Mainstream, VOL LII No 51, December 13, 2014
Safe Nuclear Power — Fact And Myth
Monday 15 December 2014, by
The nuclear energy programmes of many countries are either at a standstill or are actually declining. Prominent among these are the USA, Sweden and Denmark, and most recently Germany. The reasons for this are to be found solely in public awareness of the dangers of catastrophic accidents and of long-term risks of continued low-level radiation from normal operation of nuclear installations.
The Departments of Atomic Energy (DAE) of all countries are duty-bound to encourage the use of nuclear energy and ensure the safe operation of nuclear power plants (NPPs). Thus in the execution of their duties, they tend to gloss over the problems of operational safety, try to allay fears that routine operation is not clean, and aver that nuclear power is cheap. In fact the platform of the DAE is perched on a three-legged stool of “safe-clean-cheap” nuclear power. It must be recognised that especially in the case of nuclear power, these three factors are very closely inter-related since, for example, strict adherence to safety requirements leads to frequent shut-downs and adversely affects operating costs.

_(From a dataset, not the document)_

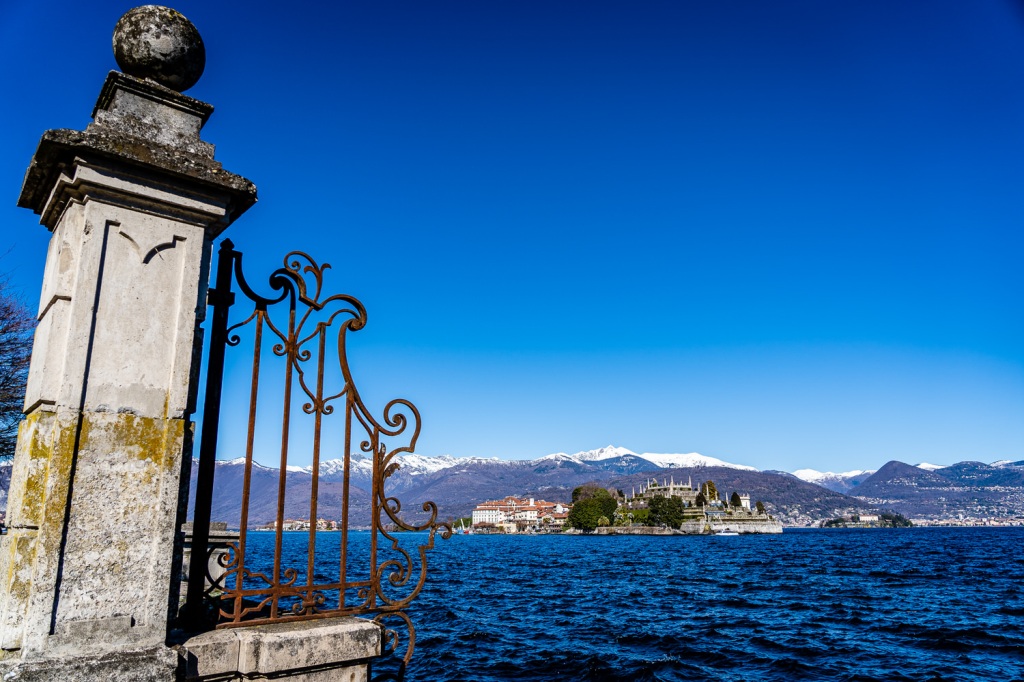 Picture Isola Bella from the Shore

It is fairly obvious that in the closed-door system within which the DAE functions, the safety compromises which may have been made will not be allowed to come to public notice. Also, since radioactivity cannot be felt or otherwise sensed by humans, and since the common understanding of “clean” is freedom from smoke, smell, dust etc., the environs of a nuclear installation are considered clean.
In the conventional sense NPPs certainly are clean when compared to a thermal power plant. But NPPs are not conventional. They are the source of radioactivity (either planned/routine discharges or accidental/incidental leakages) which eventually reach the public at large through the air, water or food chain. Thus to use the word “clean” with regard to nuclear installations is entirely misleading to common understanding.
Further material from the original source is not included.